We all remember our shock at the senseless murder of 21-year-old Sam Cook who was stabbed in the Empire Bar on Seel Street in October of 2017. We’ve all seen bar brawls and street fighting over the years.
We’ve certainly all seen the brawl in Concert Square that made the national news where bouncers, punters and anyone with moving limbs seemed intent on knocking the stuffing out of each other. A friend in Belfast asked me about the brawl in the Black-E in 2018. This stuff happens, as does the stuff that doesn’t make the news.
I’m not suggesting you can’t walk down Seel Street with what Liam Neeson might call a cosh, but is the city as safe as all that?
You wouldn’t find me walking through certain streets at night; since the building works started there’s no way on earth I’d walk through Wolstenholme Square. Large parts of the city can seem off-limits after certain times, and for a few people I know, anything after 11pm is just a no-no.

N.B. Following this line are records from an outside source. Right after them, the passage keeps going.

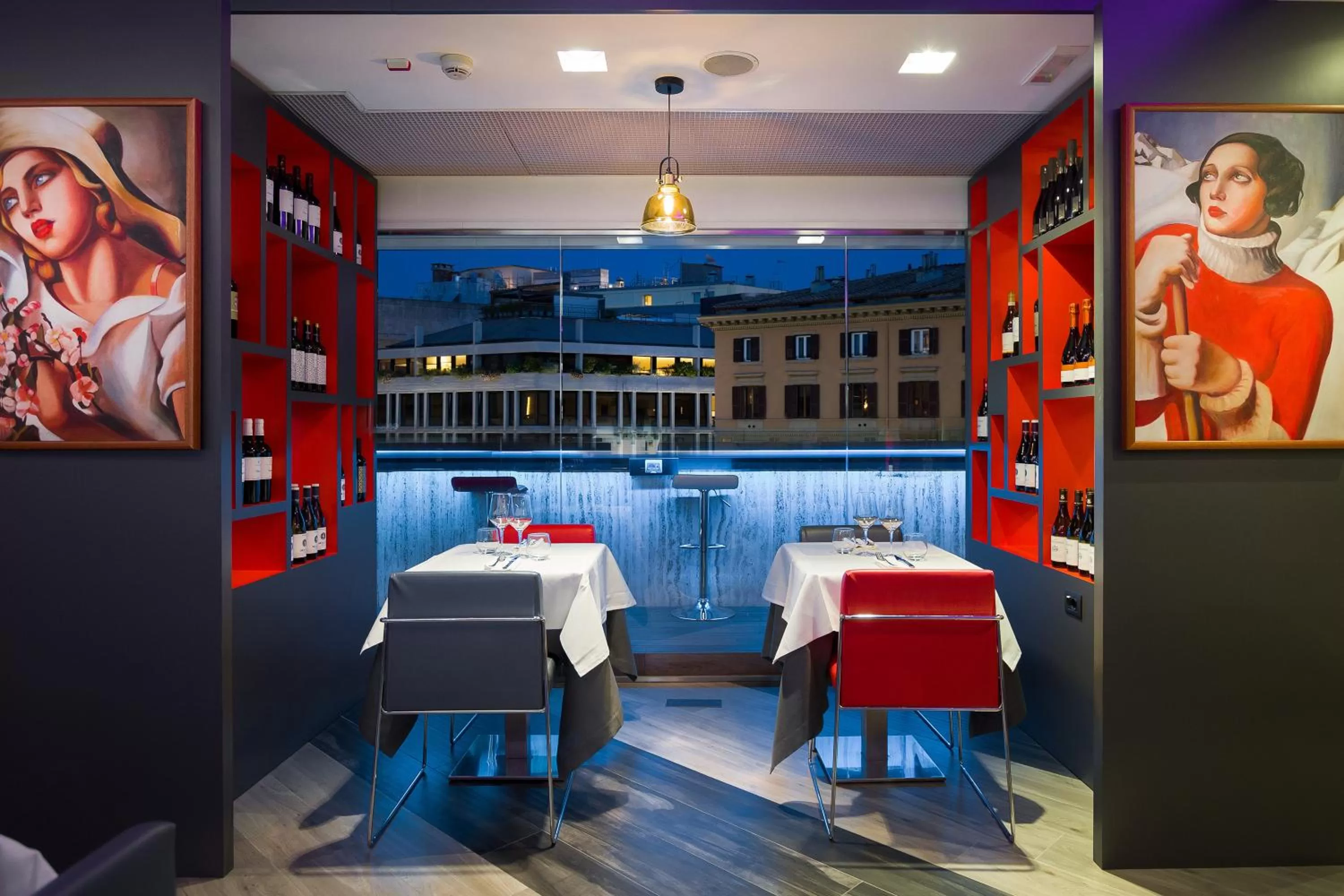 Restaurant/places to eat in iQ Hotel Roma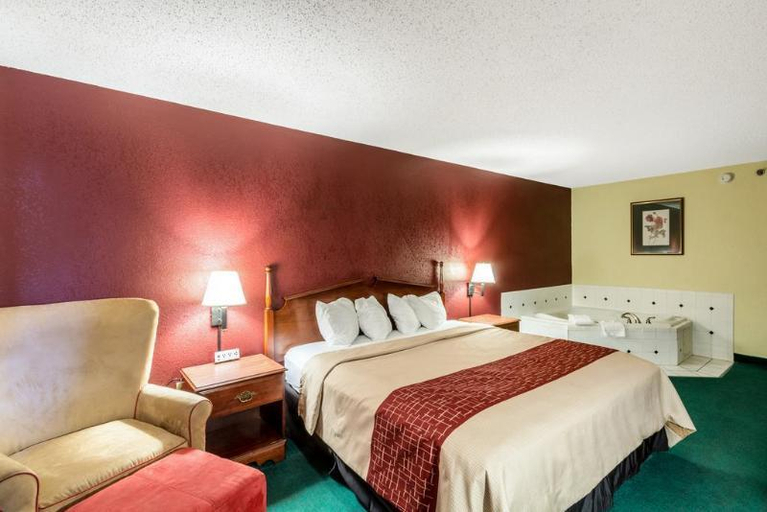 Others 3, Quality Inn, Rowan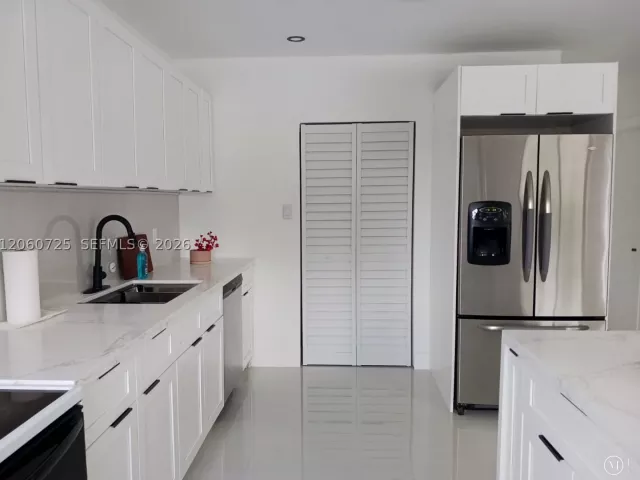 Продажа дома по адресу 1480 NE 157th St - фото 8935016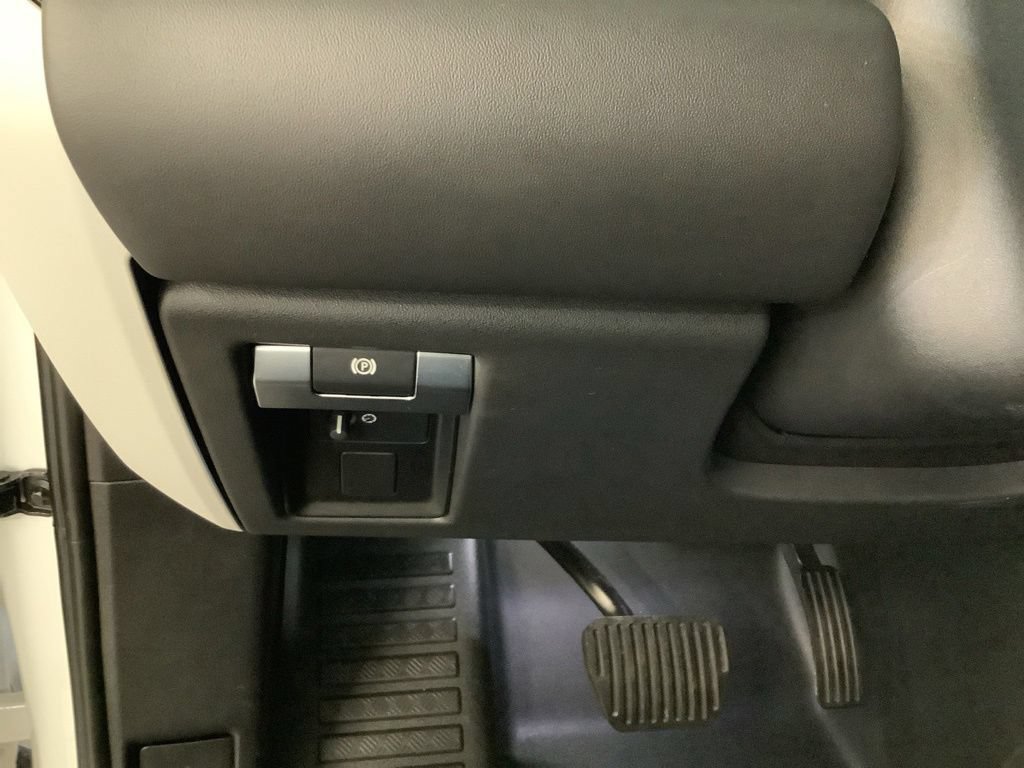 Used 2025 Land Rover Defender 130 X-Dynamic SE AWD/4WD image 30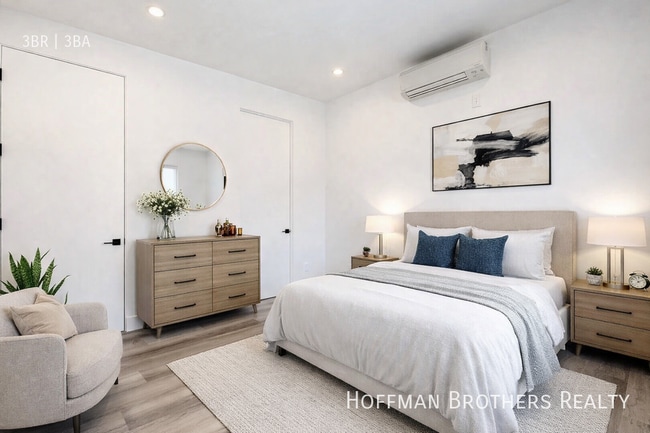 Building Photo - 525 Normandie Ave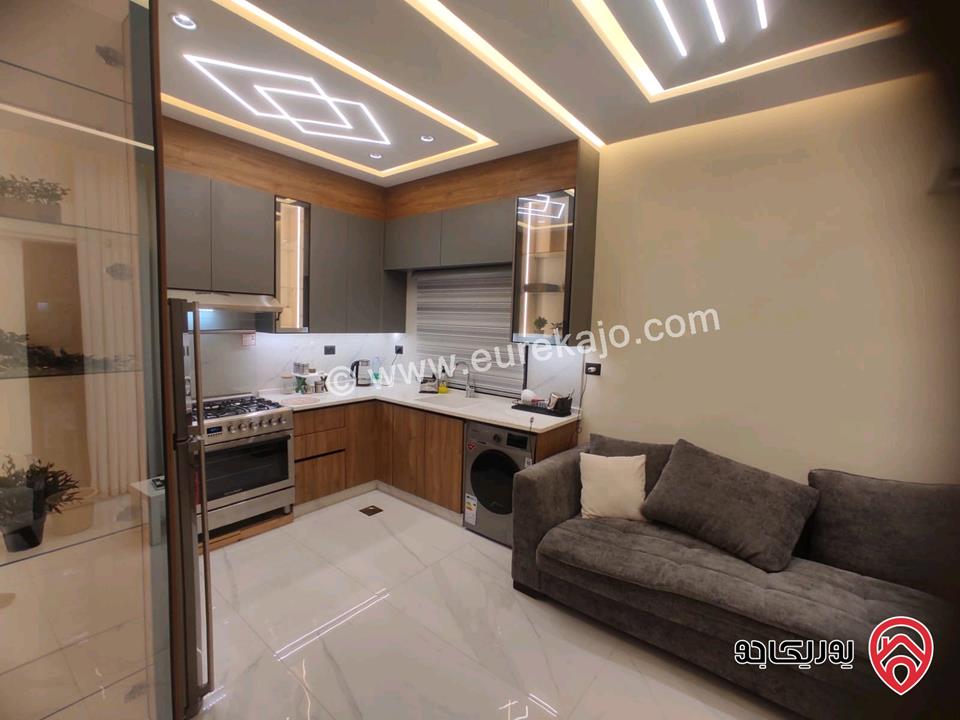 شقة سوبر ديلوكس طابق ثالث مساحة 100م للايجار في عمان - تلاع العلي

There is a lot to consider in a debate as wide-ranging as safe city centres.
Street lighting, the late-night police presence, the competence of door staff, areas of known trouble and making sure drunks know when to go home and can get home safely are all crucial to ensuring everyone can have a great night out.
But that brings me back to where we started.
This study is just PR surely, the numbers are remarkable given recent events, I’m not sure reality backs it up, so what is the point in this stuff, who writes it and what is their agenda.
And more importantly, who do they talk to?